## INSTRUCTIONS FOR THE TASK:
Nothing in the records should be changed in the copy, though the pictures must be left out.

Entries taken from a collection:
##########

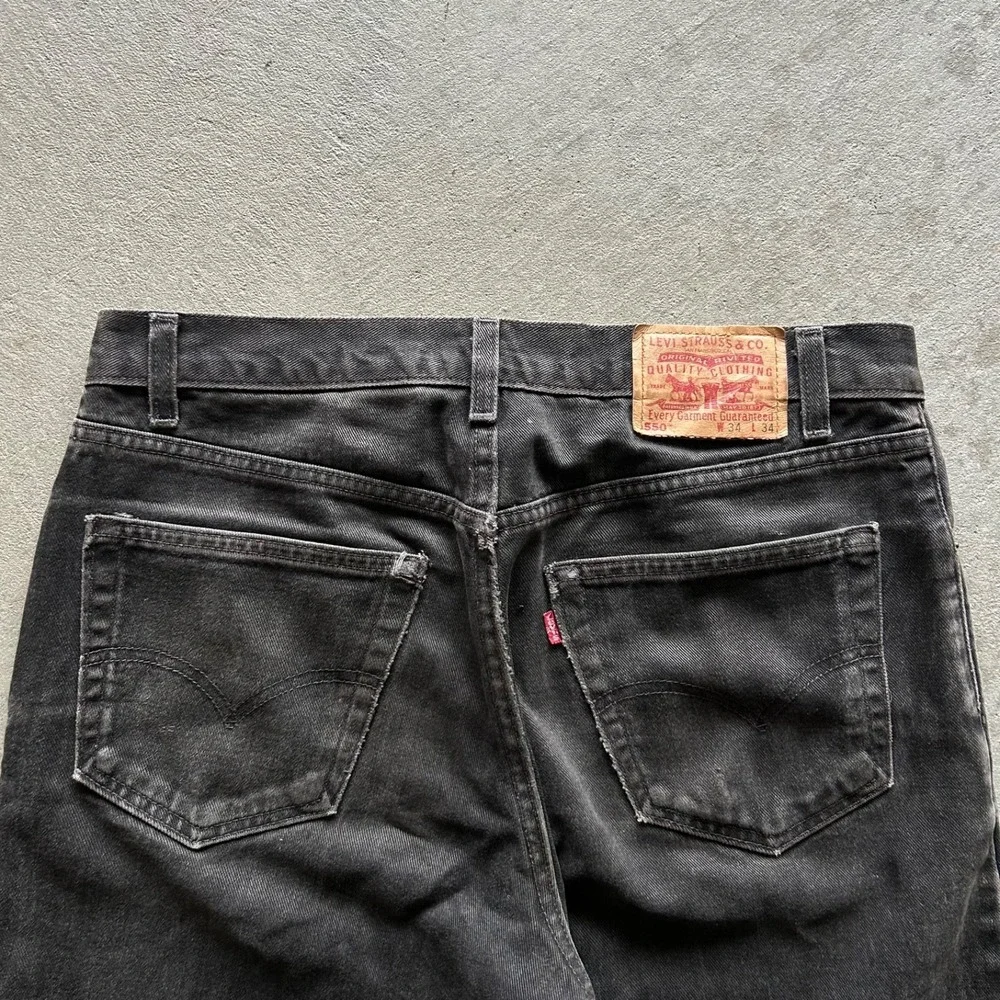 Vintage 90s Levis 550 Jeans Size 34x34 Black Dark Wash Denim Relaxed Straight‎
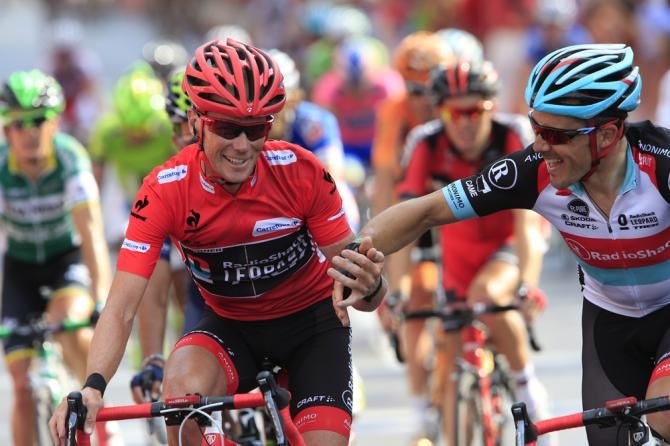 Chris Horner (RadioShack) crosses the finish line in Madrid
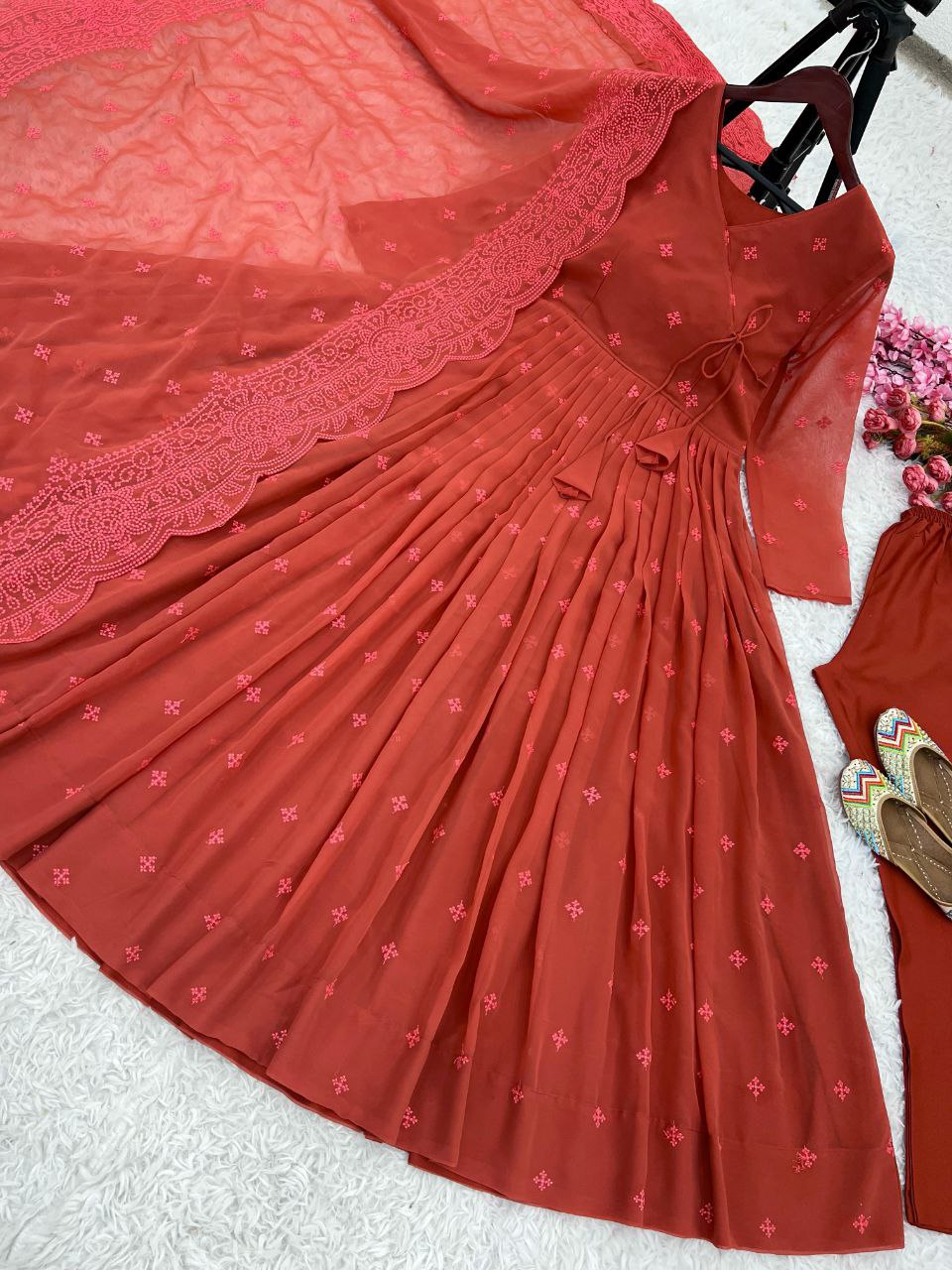 Gown And Dupatta Set Fully Stitched Ready To Wear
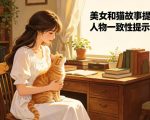 美女和猫故事提示词，人物一致性提示词+故事板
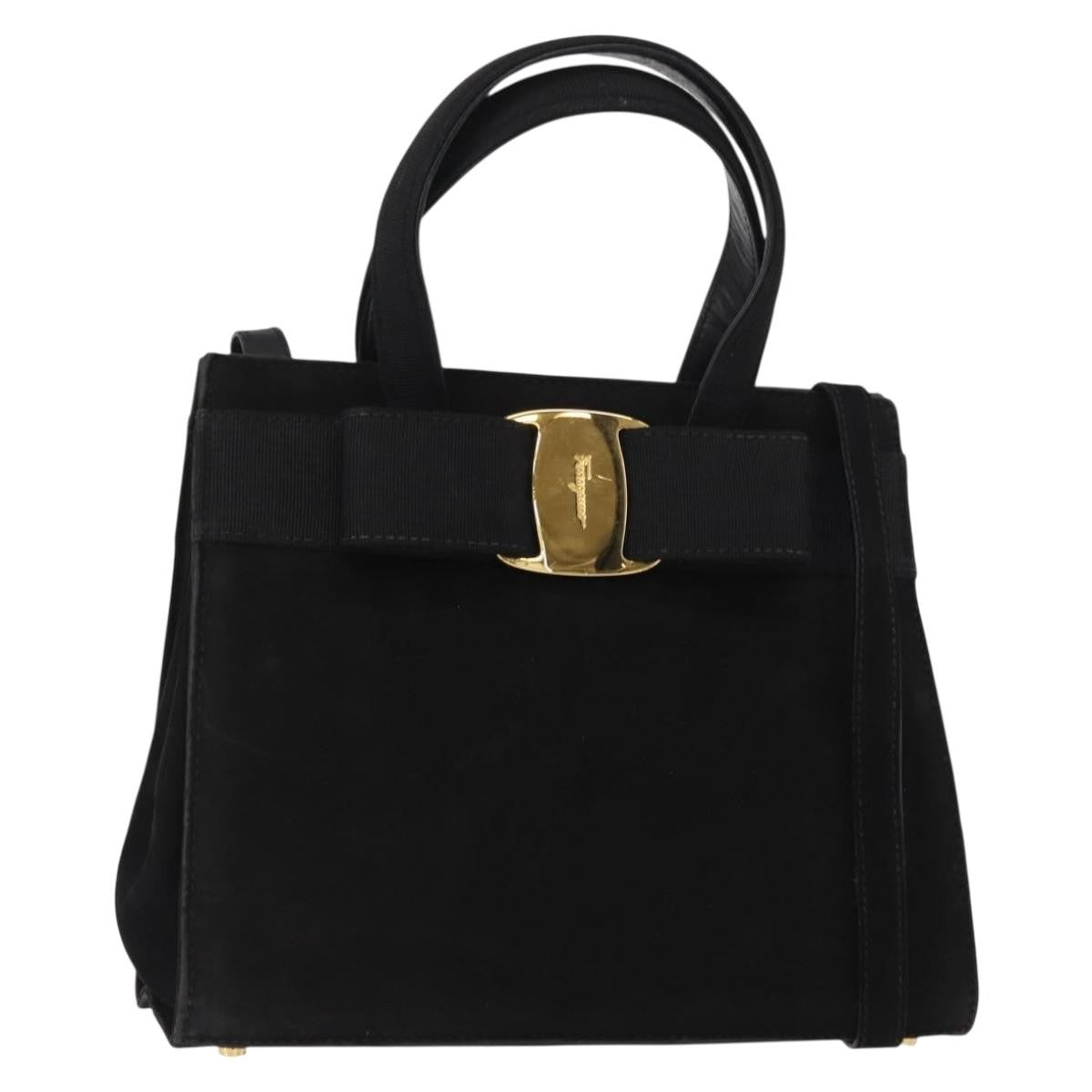 Salvatore Ferragamo Convertible Vara Bow Suede Black Suede Handbag (Pre-Owned)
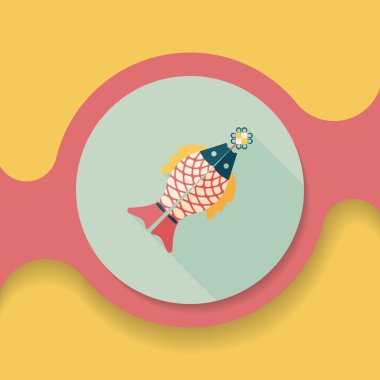 Çin yeni yılı uzun gölge, eps, düz simgesiyle Çince lu balık.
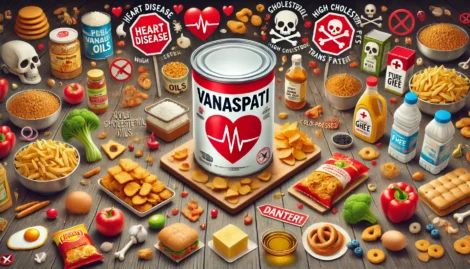 An image illustrating the health risks of consuming vanaspati in a wide aspect ratio. The scene shows a container of vanaspati placed next to unhealth (2) Health Hazards of Vanaspati Mixed with Ghee: Why You Should Avoid Adulterated Ghee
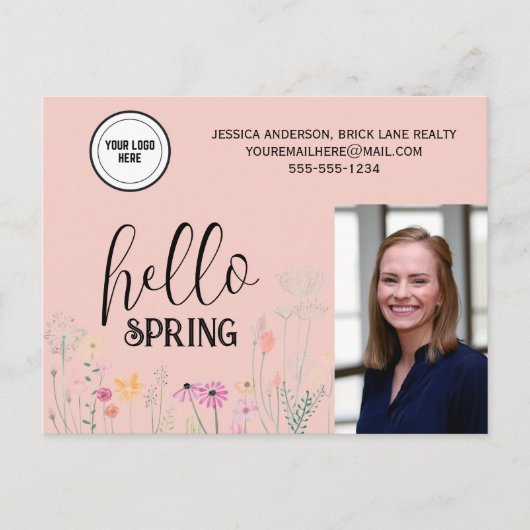 Peach Hello Spring Real Anwesen Marketing Postkarte (Vorderseite)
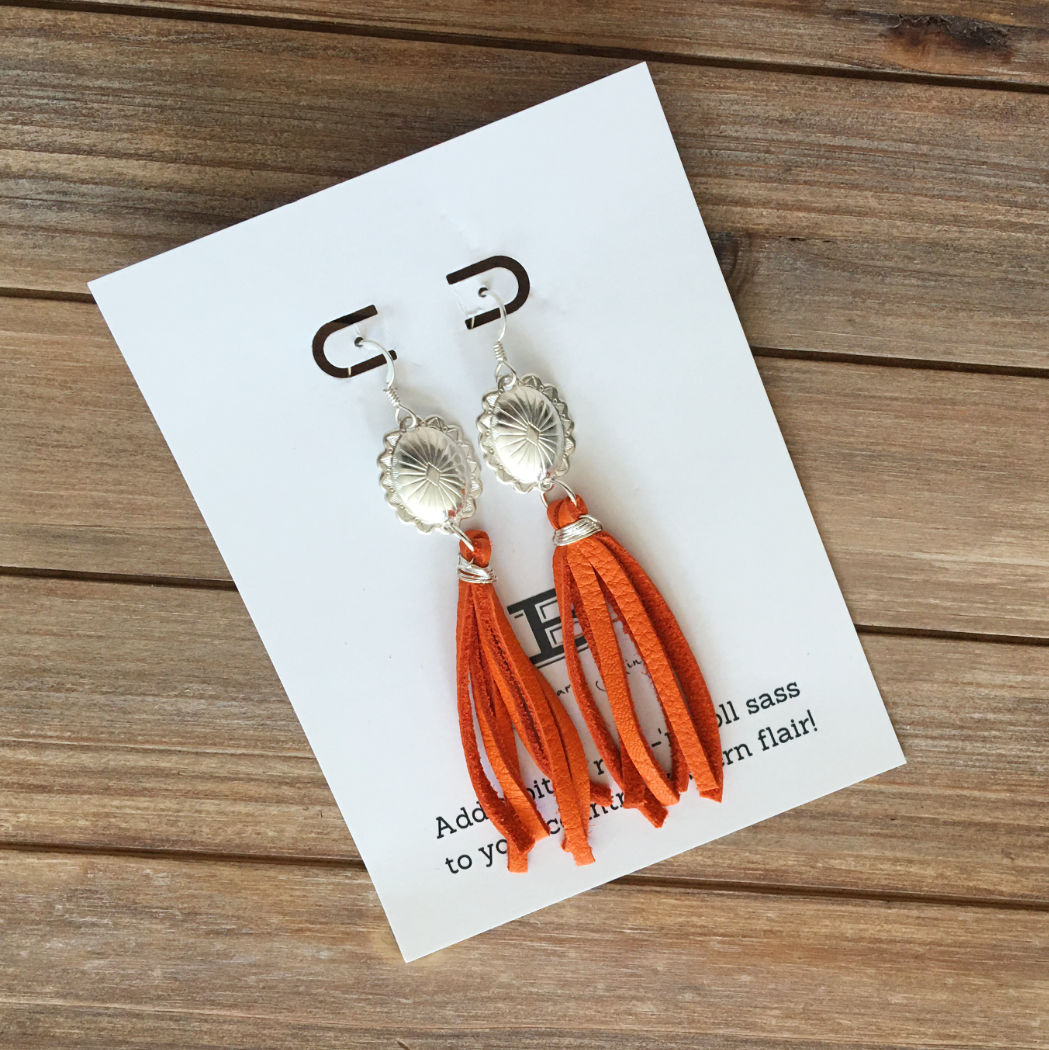 Discontinued Concho And Leather Fringe Earrings - The Roadrunner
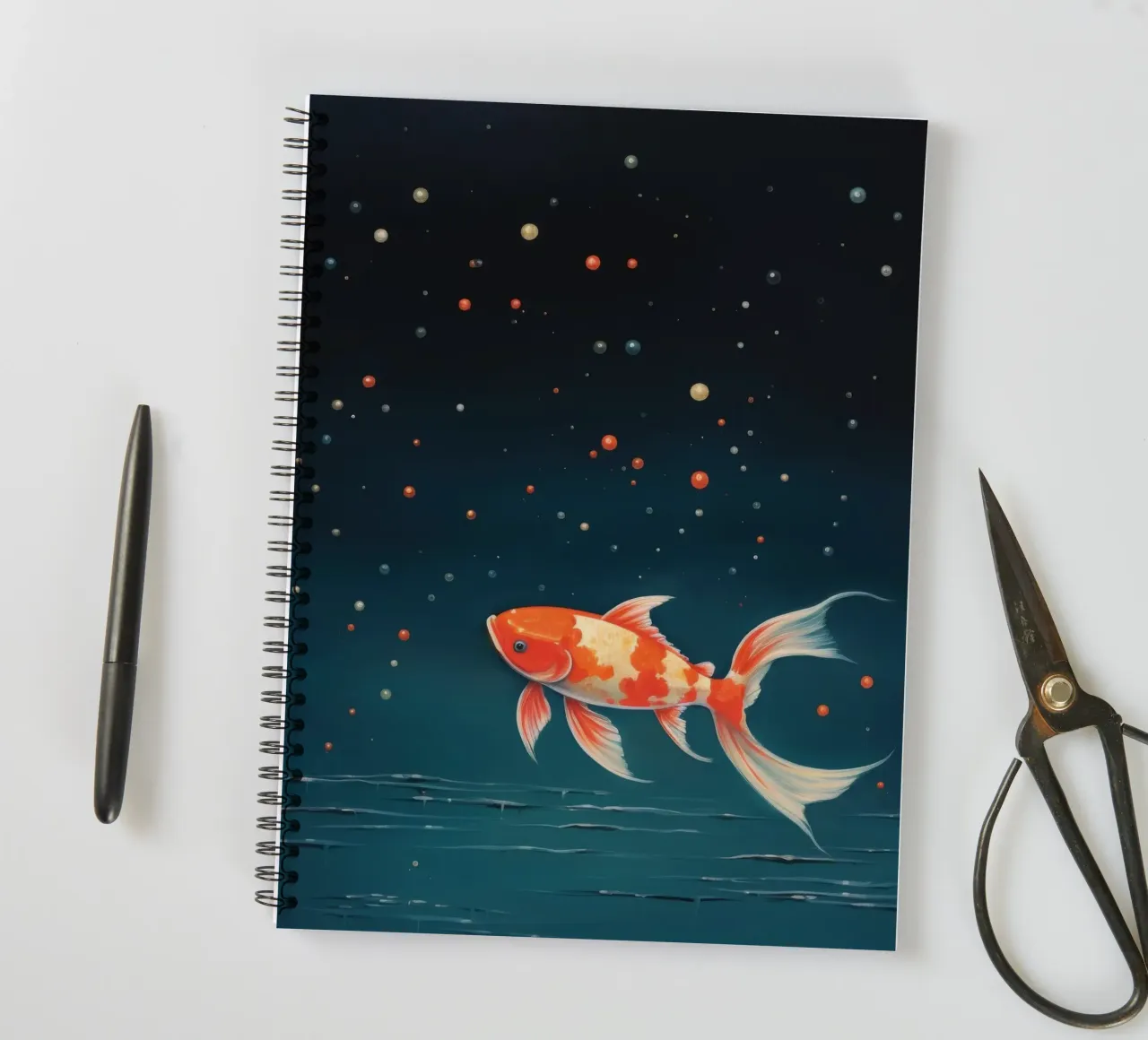 Minimum Koi 4 spiral notebook by Minimal Animal Art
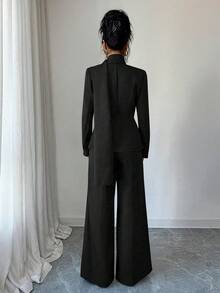 SHEIN Elenzya Women's Solid Color Minimalist Daily Wear Long Sleeve Top And Pants Suit - Black - View 2
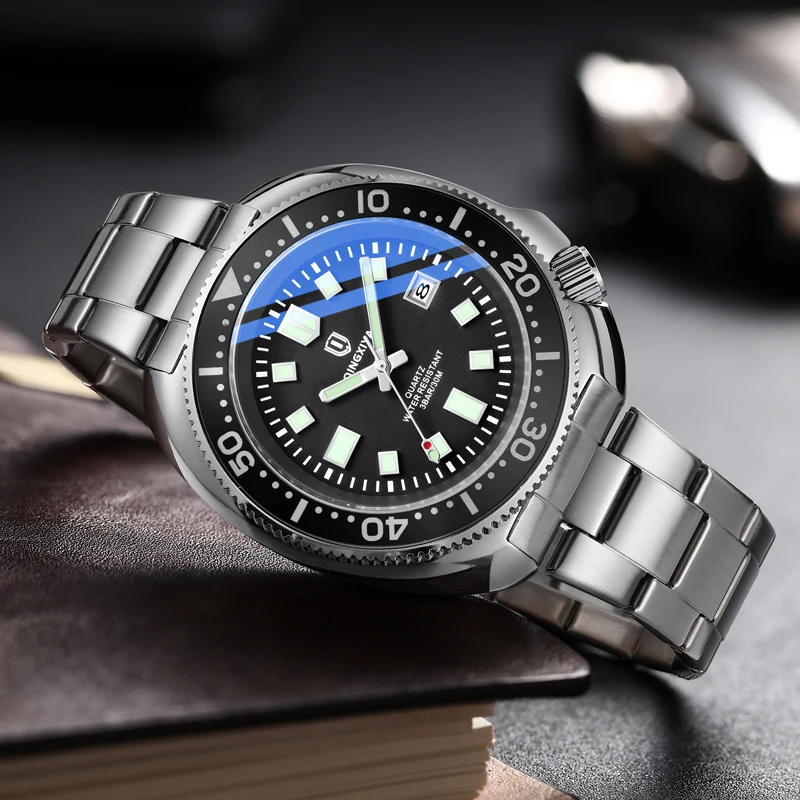 QINGXIYA Brand New Fashion Design Quartz Watch for Men Stainless Steel Waterproof Luminous Date Mens Watches Relogio Masculino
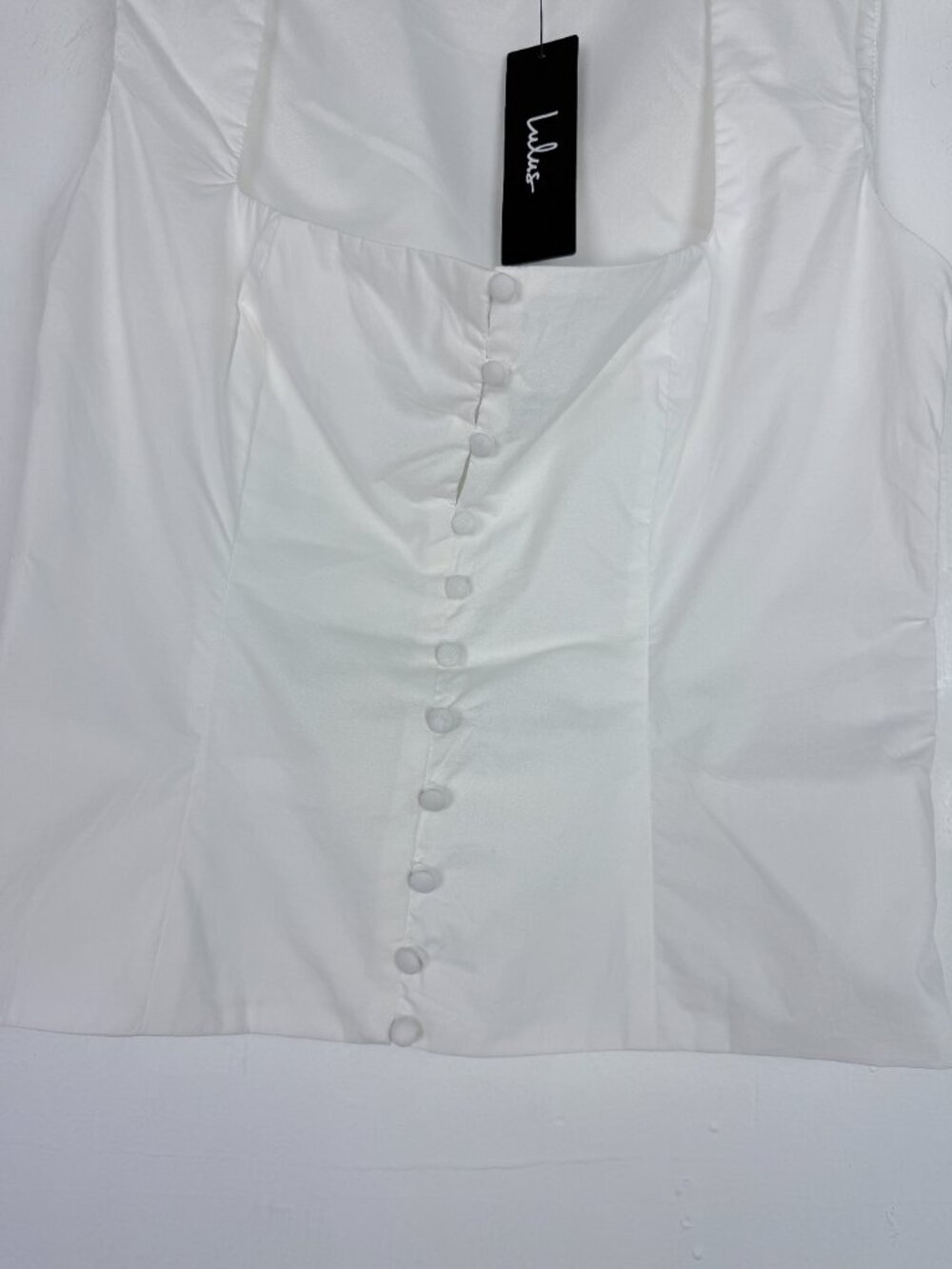 NWT Lulus Square Neck Poplin Top Buttons Sleeveless White Size Small S NEW - Picture 5 of 13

##########

## EXERCISE ANSWER:
 Vintage 90s Levis 550 Jeans Size 34x34 Black Dark Wash Denim Relaxed Straight‎
 Chris Horner (RadioShack) crosses the finish line in Madrid
 Gown And Dupatta Set Fully Stitched Ready To Wear
 美女和猫故事提示词，人物一致性提示词+故事板
 Salvatore Ferragamo Convertible Vara Bow Suede Black Suede Handbag (Pre-Owned)
 Çin yeni yılı uzun gölge, eps, düz simgesiyle Çince lu balık.
 An image illustrating the health risks of consuming vanaspati in a wide aspect ratio. The scene shows a container of vanaspati placed next to unhealth (2) Health Hazards of Vanaspati Mixed with Ghee: Why You Should Avoid Adulterated Ghee
 Peach Hello Spring Real Anwesen Marketing Postkarte (Vorderseite)
 Discontinued Concho And Leather Fringe Earrings - The Roadrunner
 Minimum Koi 4 spiral notebook by Minimal Animal Art
 SHEIN Elenzya Women's Solid Color Minimalist Daily Wear Long Sleeve Top And Pants Suit - Black - View 2
 QINGXIYA Brand New Fashion Design Quartz Watch for Men Stainless Steel Waterproof Luminous Date Mens Watches Relogio Masculino
 NWT Lulus Square Neck Poplin Top Buttons Sleeveless White Size Small S NEW - Picture 5 of 13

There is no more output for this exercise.